Jusqu’à l’âge de 15 ans, j’étais souvent puni à la maison ou l’école et, dans la plupart des cas, c’était la fessée.

A l’école de ma petite ville de province, que j’ai fréquentée jusqu’à mes douze ans, les fessées étaient distribuées avec une grande générosité. Pour vous lecteur, j’aimerais revenir sur l’un de mes vieux et cuisants souvenirs.

Le genre de fessées pouvait varier selon l’âge du puni, le tempérament du maître ou de la maîtresse, le motif de la punition et aussi selon la fréquence avec laquelle il méritait une punition.

De plus, il était de coutume entre enseignants de se communiquer d’une classe à l’autre le « pedigree » des écoliers à tenir particulièrement à l’œil. C’est ainsi qu’à la nouvelle rentrée, je passai à neuf ans dans la classe de Maître Maurice, précédé de la réputation sulfureuse d’écolier dissipé et turbulent. Il m’accueillit d’un jovial :

« Ah, voilà “Monsieur” Jim, le phénomène dont on m’a parlé ! »

Je n’étais pas vraiment un méchant garnement mais j’étais turbulent, joueur et souvent dissipé. Je n’initiais jamais un chahut, mais lorsqu’il était lancé, je n’étais pas le dernier à y prendre part. J’aimais aussi faire des farces aux copains, plaisanteries qui parfois tournaient mal. Aussi longtemps que j’étais occupé avec un exercice ou une dictée, je n’avais pas de problème, mais lorsque je devais écouter sagement, rien n’allait plus. Au bout de quelques minutes, je me mettais à rêvasser, à regarder autour de moi ou à jouer avec n’importe quoi. Si la leçon durait trop à mon goût, je laissais tomber quelque chose (livre, crayon ou autre) pour attirer l’attention sur moi… Mais avec des résultats moins heureux pour mes fesses !

En général, Maître Maurice procédait de la même façon pour donner la fessée : il baissait la culotte et claquait les fesses nues de sa grosse main. Lorsqu’il remarquait un élève dissipé ou inattentif, il lançait son nom d’une voix forte et lui annonçait :

« Tout à l’heure, on va t’entendre chanter ! »

Ce qui signifiait qu’il pouvait se préparer à recevoir une bonne fessée. Le maître poursuivait ensuite normalement ses explications jusqu’à la fin comme si de rien n’était. Inutile de vous dire que celui qui s’était fait remarquer, ne pensant plus qu’à la fessée qui l’attendait, ne suivait le cours que d’une oreille. Je dois reconnaître que le maître n’a jamais eu le mauvais goût de l’interroger.

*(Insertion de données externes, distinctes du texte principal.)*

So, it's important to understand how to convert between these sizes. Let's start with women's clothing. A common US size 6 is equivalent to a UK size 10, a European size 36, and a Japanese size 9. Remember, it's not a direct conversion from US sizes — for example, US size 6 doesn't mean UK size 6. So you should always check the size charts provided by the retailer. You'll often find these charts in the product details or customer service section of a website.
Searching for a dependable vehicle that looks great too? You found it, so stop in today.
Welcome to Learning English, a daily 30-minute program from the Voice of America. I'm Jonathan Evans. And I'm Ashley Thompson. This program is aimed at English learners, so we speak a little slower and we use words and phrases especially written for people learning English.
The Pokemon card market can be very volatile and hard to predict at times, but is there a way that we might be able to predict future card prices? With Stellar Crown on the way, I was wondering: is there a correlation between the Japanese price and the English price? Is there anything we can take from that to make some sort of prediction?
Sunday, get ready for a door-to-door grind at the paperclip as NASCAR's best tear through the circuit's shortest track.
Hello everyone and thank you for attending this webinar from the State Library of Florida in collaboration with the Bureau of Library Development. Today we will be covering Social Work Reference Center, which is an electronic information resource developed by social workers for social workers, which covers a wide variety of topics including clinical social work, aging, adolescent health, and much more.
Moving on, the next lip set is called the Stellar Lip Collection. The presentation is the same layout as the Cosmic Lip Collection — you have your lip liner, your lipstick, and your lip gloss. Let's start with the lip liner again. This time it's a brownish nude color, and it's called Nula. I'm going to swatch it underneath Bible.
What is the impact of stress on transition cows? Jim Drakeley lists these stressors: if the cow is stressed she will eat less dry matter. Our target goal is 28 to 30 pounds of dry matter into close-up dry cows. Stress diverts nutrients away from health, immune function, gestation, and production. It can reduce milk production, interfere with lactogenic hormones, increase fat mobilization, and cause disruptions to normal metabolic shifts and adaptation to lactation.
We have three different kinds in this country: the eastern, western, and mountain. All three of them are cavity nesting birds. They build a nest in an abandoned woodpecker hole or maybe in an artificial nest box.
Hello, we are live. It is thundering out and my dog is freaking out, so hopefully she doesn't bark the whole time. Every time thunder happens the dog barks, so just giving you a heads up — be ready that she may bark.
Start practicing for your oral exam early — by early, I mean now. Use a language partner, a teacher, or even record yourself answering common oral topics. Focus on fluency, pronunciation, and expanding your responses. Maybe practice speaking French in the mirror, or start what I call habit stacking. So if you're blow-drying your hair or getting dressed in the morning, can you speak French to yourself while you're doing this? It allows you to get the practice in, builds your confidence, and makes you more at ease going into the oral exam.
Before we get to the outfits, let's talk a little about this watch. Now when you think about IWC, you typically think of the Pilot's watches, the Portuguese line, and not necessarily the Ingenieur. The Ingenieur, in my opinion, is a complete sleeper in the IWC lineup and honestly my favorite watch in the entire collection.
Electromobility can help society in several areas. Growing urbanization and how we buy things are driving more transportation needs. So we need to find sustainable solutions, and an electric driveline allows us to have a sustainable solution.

La leçon terminée, il invitait le garçon à monter sur l’estrade et le faisait attendre debout à côté du bureau, les mains croisées derrière le dos, puis il feignait de l’ignorer un long moment en continuant la leçon comme si de rien n’était. Je ne vous dis pas l’angoisse décuplée par l’attente qui étreignait le malheureux !

Le moment de la fessée arrivé, Maître Maurice empoignait le puni et, en moins de temps qu’il ne faut pour l’écrire, dégrafait les bretelles, déboutonnait la braguette, faisait glisser la culotte et le slip jusqu’aux chevilles et, ceci fait, le basculait en travers de ses genoux. Enfin, les poignets du fautif bloqués au-dessus de ses reins, la fessée pouvait commencer.

Toute la classe était attentive et on aurait pu entendre une mouche voler lorsque les fortes claquées tombaient dru, alternativement sur chaque fesse, jusqu’à ce que le derrière soit du plus beau rouge et que l’intensité des plaintes soient à son goût. Quand il était satisfait de son œuvre, Maître Maurice relevait le fautif en larmes et, tout aussi prestement, le reculottait en le sermonnant. Enfin, d’une dernière claque retentissante sur l’une des cuisses, il le renvoyait à sa place.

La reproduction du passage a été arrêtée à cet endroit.